Antall was right when he told the members of his cabinet that they had joined a kamikaze government. He realized, at least in the early days of his administration, that no government, regardless of how well prepared its members were, could remain popular under the circumstances. And since the members of the Antall government had absolutely no political and administrative experience, their performance was less than sterling.

Antall JozsefAlthough today, twenty years after Antall’s death, politicians from right to left praise Antall as a great statesman, in his day he was sharply criticized for being a man of the past.

Two important biographies of Antall have appeared since his death. The first, published in 1995, is by Sándor Révész, a liberal journalist and writer. The second was written by József Debreczeni, an MDF member of parliament during Antall’s tenure as prime minister. He is an admirer of Antall. From the two books two entirely József Antalls emerge. Révész’s Antall is a typical member of what in Hungarian is called the “keresztény úri osztály,” a social group that’s difficult to define precisely. Members of this group were normally Catholics, their ancestors came mostly from the lower gentry, and their fathers and grandfathers (having lost their land) served as government bureaucrats. Since their livehood depended on government, they were loyal to the Horthy regime. Indeed, that was the Antall family’s background as well. Debreczeni’s Antall is a man characterized by utter devotion to democratic principles and parliamentarism and devoid of any nostalgia for the Horthy regime, for which he was blamed by the left.
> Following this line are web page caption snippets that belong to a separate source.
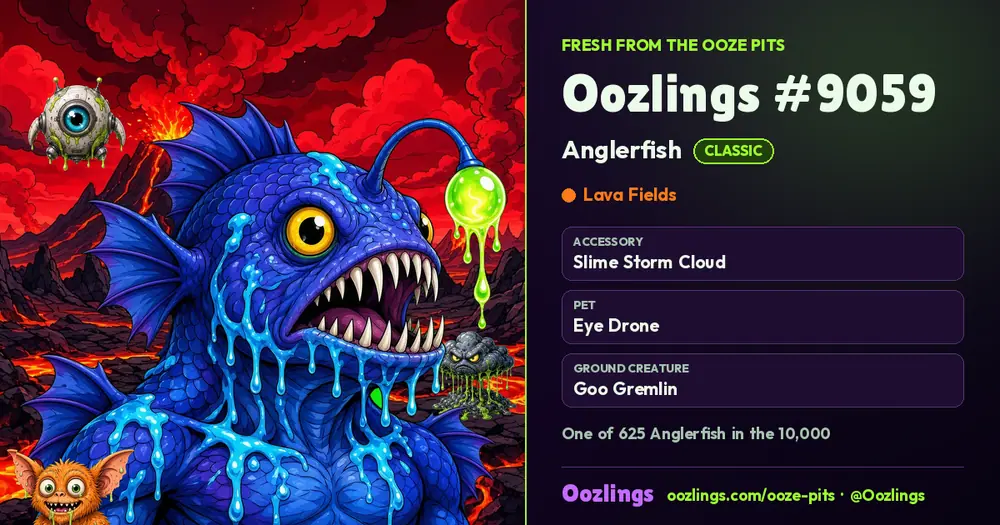 Oozlings #9059, a Classic Anglerfish in Lava Fields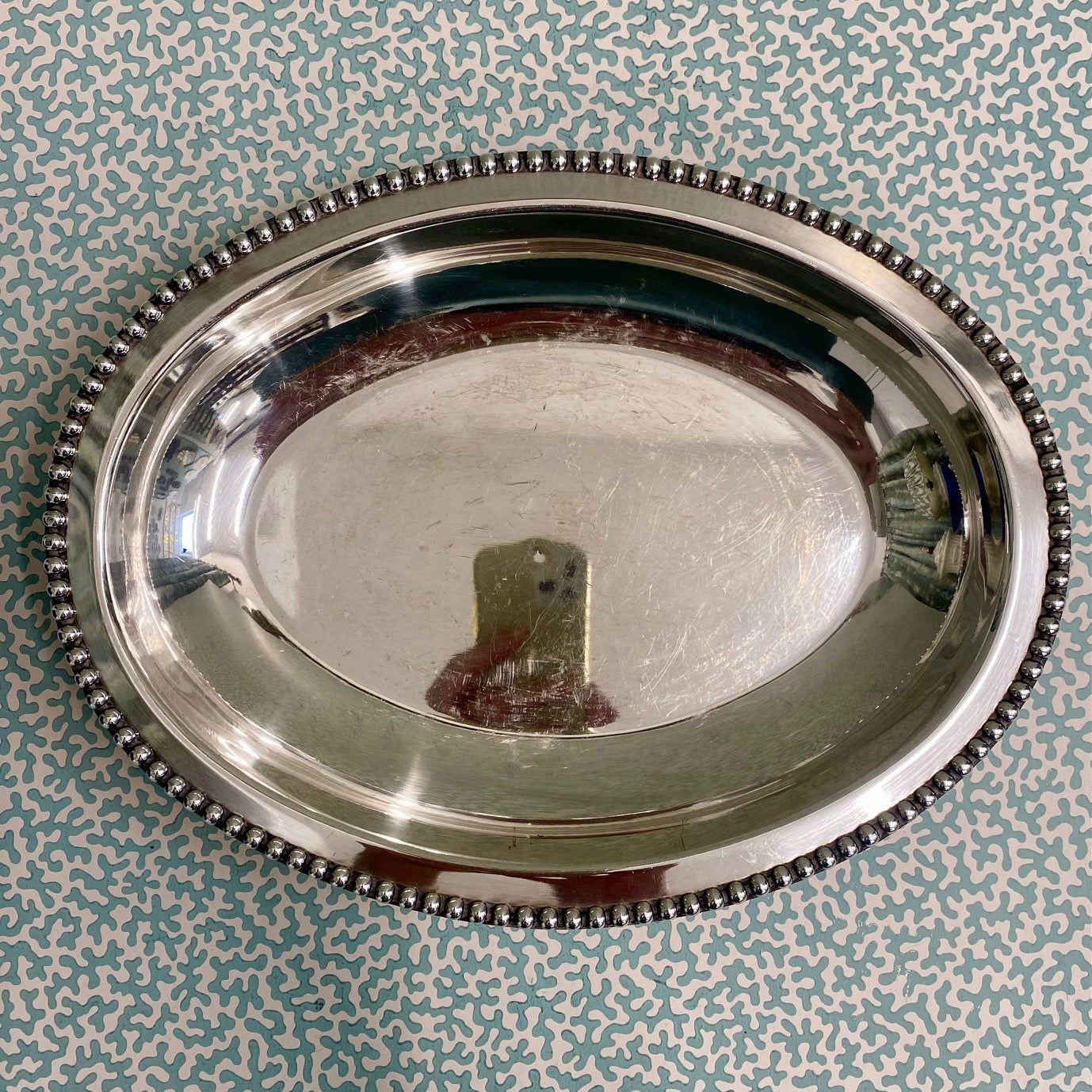 Silver Plated Oval Dish with Beaded Rim  G27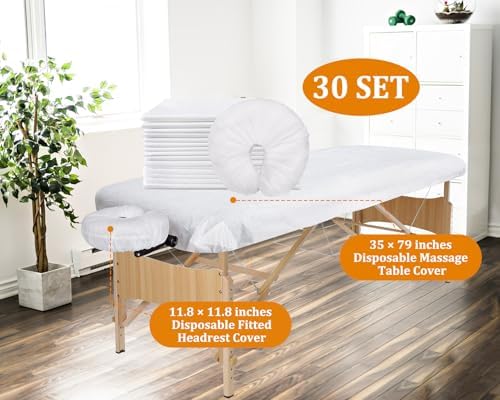 60 Pcs Disposable Fitted Massage Table Sheet Set - 30 Pcs Breathable Spa Bed Sheets and 30 Pcs Face Cradle Covers/Headrest Covers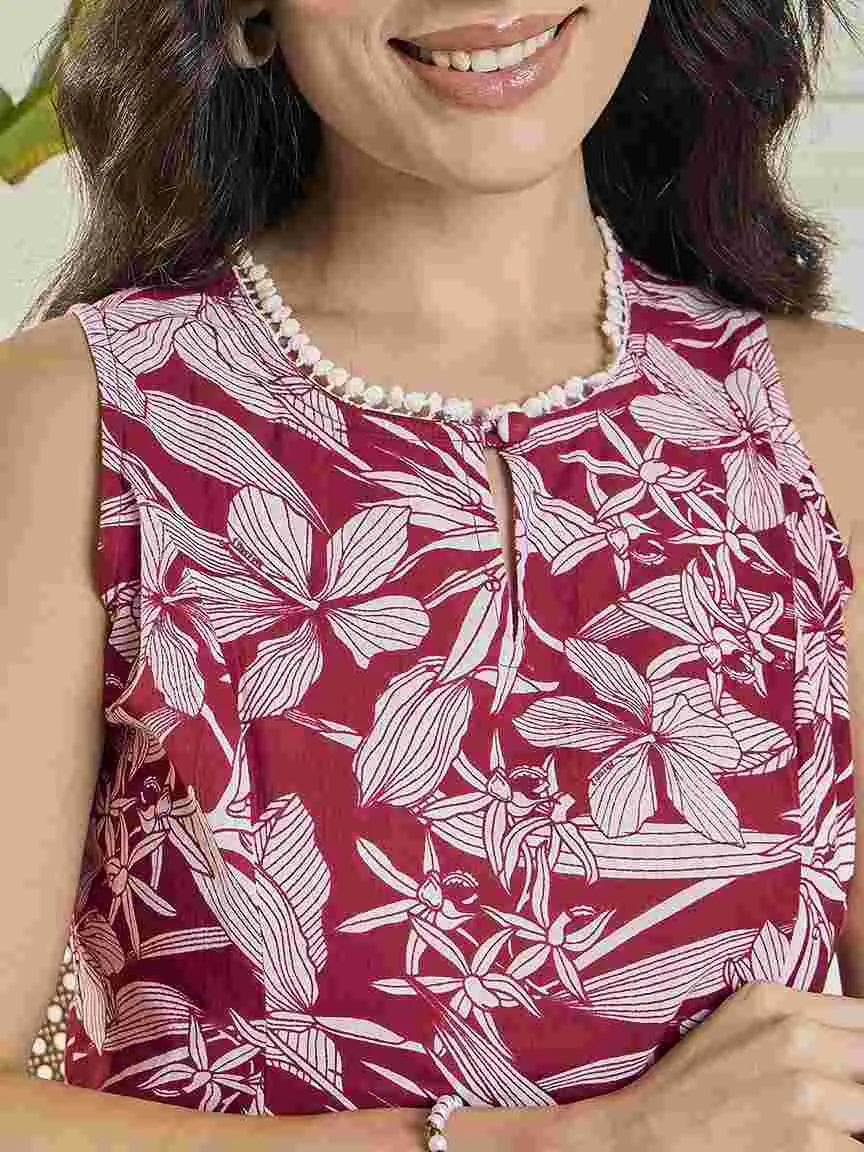 maroon-lace-detailing-stitched-godet-tunic-co-ord-set-for-women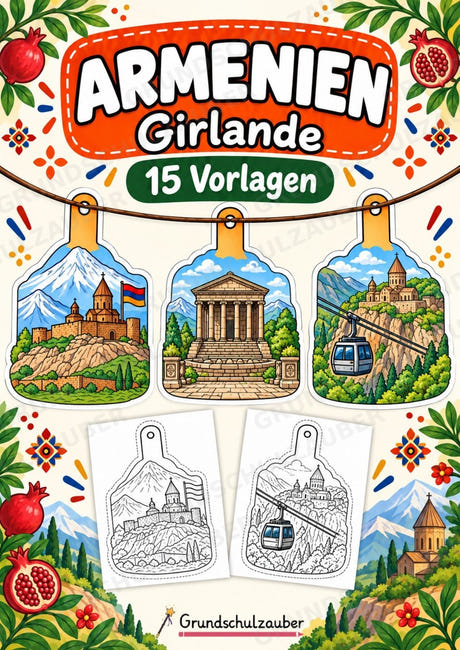 Armenien – Fensterdeko – Basteln – Ausmalbild – Ausschneiden – 15 Vorlagen – Cover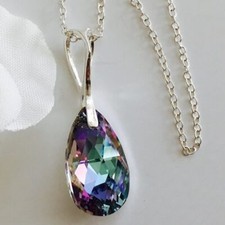 925 Silver Crystal Necklace Pendant Tear Pear Made With Austrian Crystals
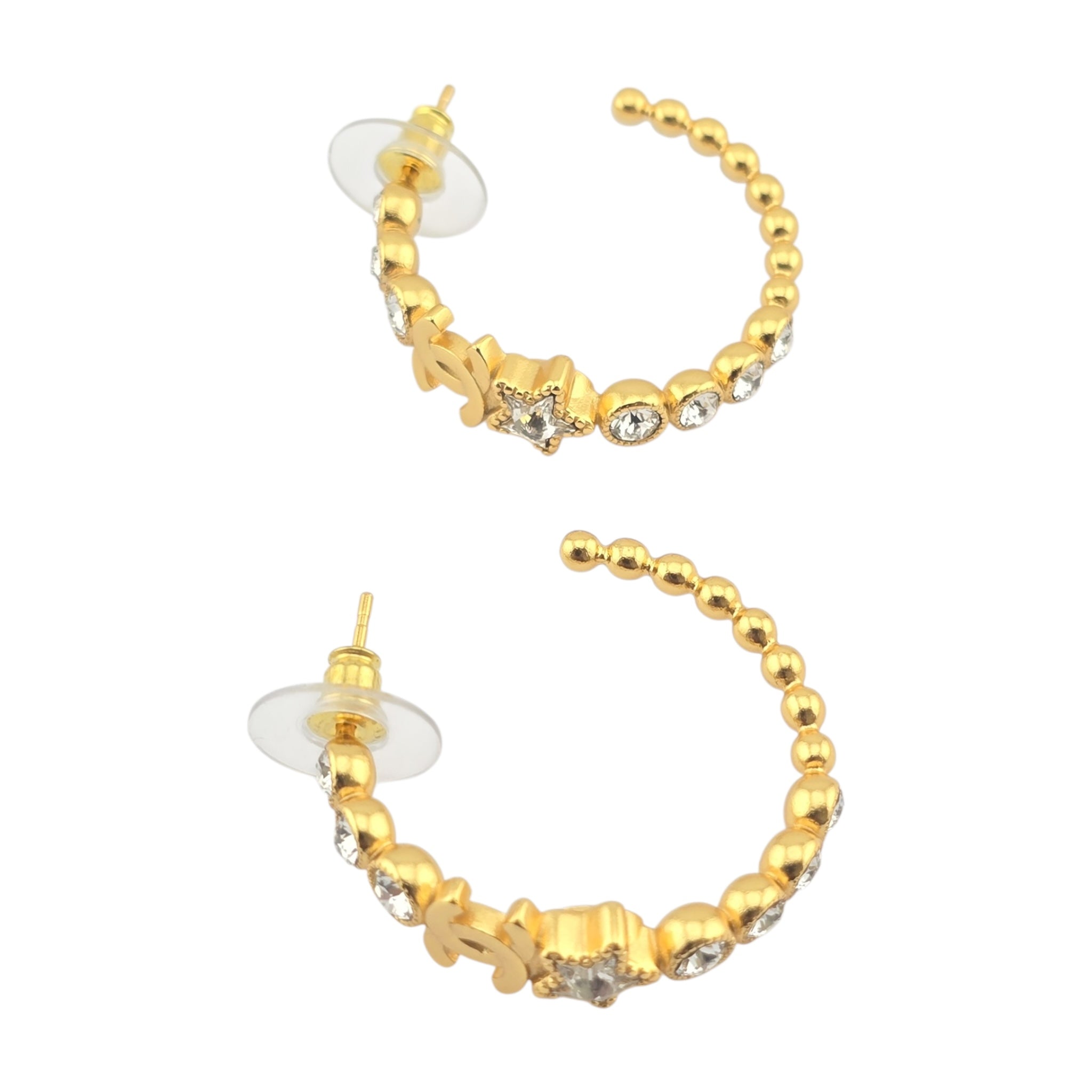 Chanel CC Gold Hoop Star Crystal Earrings 2024 CHANEL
I remember watching the funeral of the prime minister on television among relatives who all hated Antall and his government. I was struck by the pomp and circumstance of the event and could hardly get over the uniforms and caps of the young men surrounding the coffin, which I must admit I found ridiculous. They had an unfortunate resemblance to costumes out of a Lehár or Kálmán operetta. Indeed, one could sense a conscious effort to return to the former “days of glory.”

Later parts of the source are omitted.